The line with "DAIDOHANT ショート連結波板ビス 12連×2本(24本入)" marks the first line to copy, and the line with "Dr. J. W. Paltelaan, 2712" marks the last. Transcribe that stretch of the data below exactly, without pictures.

Given records
____________

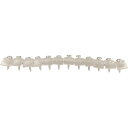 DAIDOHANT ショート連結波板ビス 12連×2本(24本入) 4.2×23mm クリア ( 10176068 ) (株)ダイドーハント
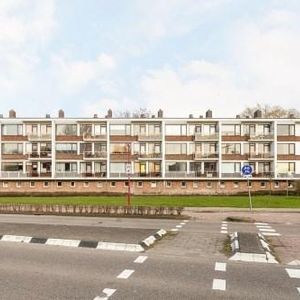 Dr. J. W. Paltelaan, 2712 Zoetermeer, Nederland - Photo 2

____________

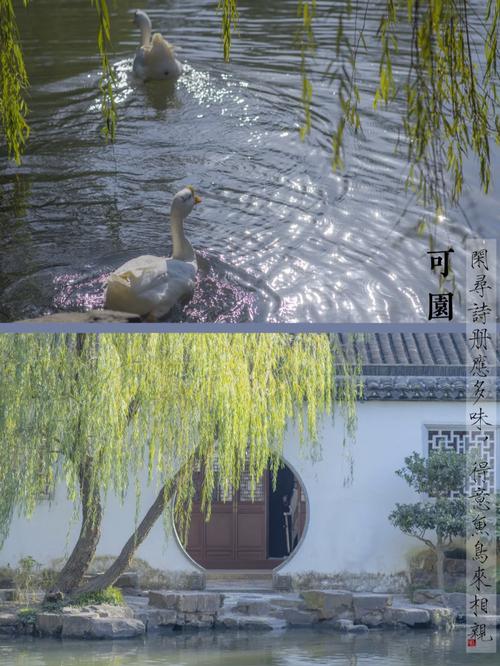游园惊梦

____________

Task answer
 DAIDOHANT ショート連結波板ビス 12連×2本(24本入) 4.2×23mm クリア ( 10176068 ) (株)ダイドーハント
 Dr. J. W. Paltelaan, 2712 Zoetermeer, Nederland - Photo 2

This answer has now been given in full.